I use this extensively from a lot of network elements. Check frequency as a keep-alive, anywhere from 30 to 60 seconds is generally good BUT i strongly urge it be made configurable and not hard-coded, since if used for client trunk polling this can become overwhelming at scale if they are all on the same timer. If used in this fashion, I also recommend putting a random 1-1000ms delay in to prevent 10,000 sip messages from hitting your border element all at once every 30 sec. As far as details go, I also recommend the following: 1: Make the from, to and request URI user part configurable. Metaswitch has these statically coded to be "metaswitch" which can cause 2 issues, the first is that if you are pinging out of your network you are revealing information about your infrastructure which is bad (but not so serious here), and the 2nd is if you are pinging a strict proxy like opensips, it will try to route the ping instead of responding to it locally (i am aware you can config opensips to fix this but its a silly workaround) 2: Allow the setting of hop-count to prevent unnecessary forwarding 3: If used for device heartbeats a failed ping should take a device down. A successful ping OR a successful call should bring a device up. Waiting for a successful ping to bring a device up can dramatically slow network convergence periods in the event of an interruption. 4: Existing media sessions should not be interrupted by a failed options ping, instead you should be using session timers or some other orphaned call detection to do cleanup there. Failed options pings should stop new dialogues from being established, but existing dialogues should survive or fail per-dialogue based on RFC 4028 or some other dialogue-centric method.
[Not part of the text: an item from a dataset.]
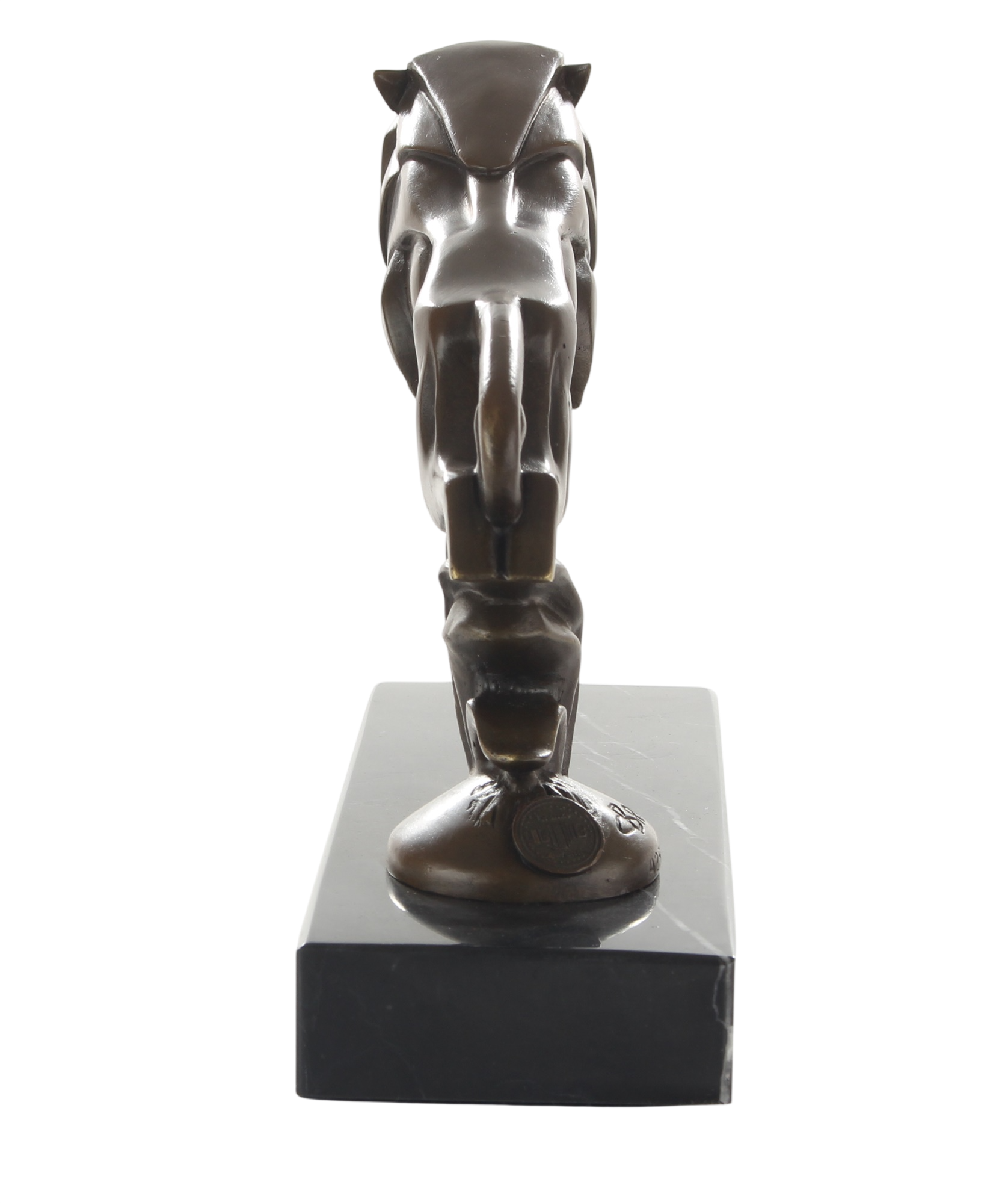 Kühlerfigur Löwe im Angriff, Bronzefigur auf Marmorsockel, Höhe 16,9 cm
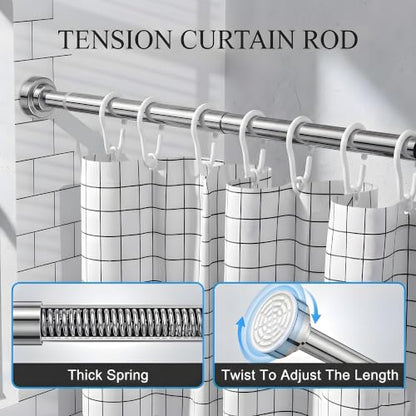 304 Stainless Steel Shower Curtain Rod, Adjustable Telescopic Tension Rod, Rustproof Bathroom Rod, No Drilling Expandable Curtain Rod 42–78 Inch – Brushed Nickel + 80“ x 80” Shower Curtain - color: Brushed Nickel, size: 42"–78"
This is all based on nothing more than my own meandering experience and the readings from my sack of voodoo chicken bones. -Ryan On 06/25/2012 07:32 AM, Frank Bulk wrote:
Does anyone have some real-world experience with SIP OPTIONS PING? Our softswitch vendor is looking to implement support and seeking some input on check frequency, response timeouts, how quickly to check recheck on a down, and how long to wait after it's up before restoring the SIP trunk group. And should there be a ramp-up period through some kind of rate-limiting?
If you have a product that does it well, what parameters does it use?
How do you think the software should handle existing calls that may or may not have active media flows? Should it tear down calls immediately, use some kind of active media detection, or wait x minutes before tearing down calls?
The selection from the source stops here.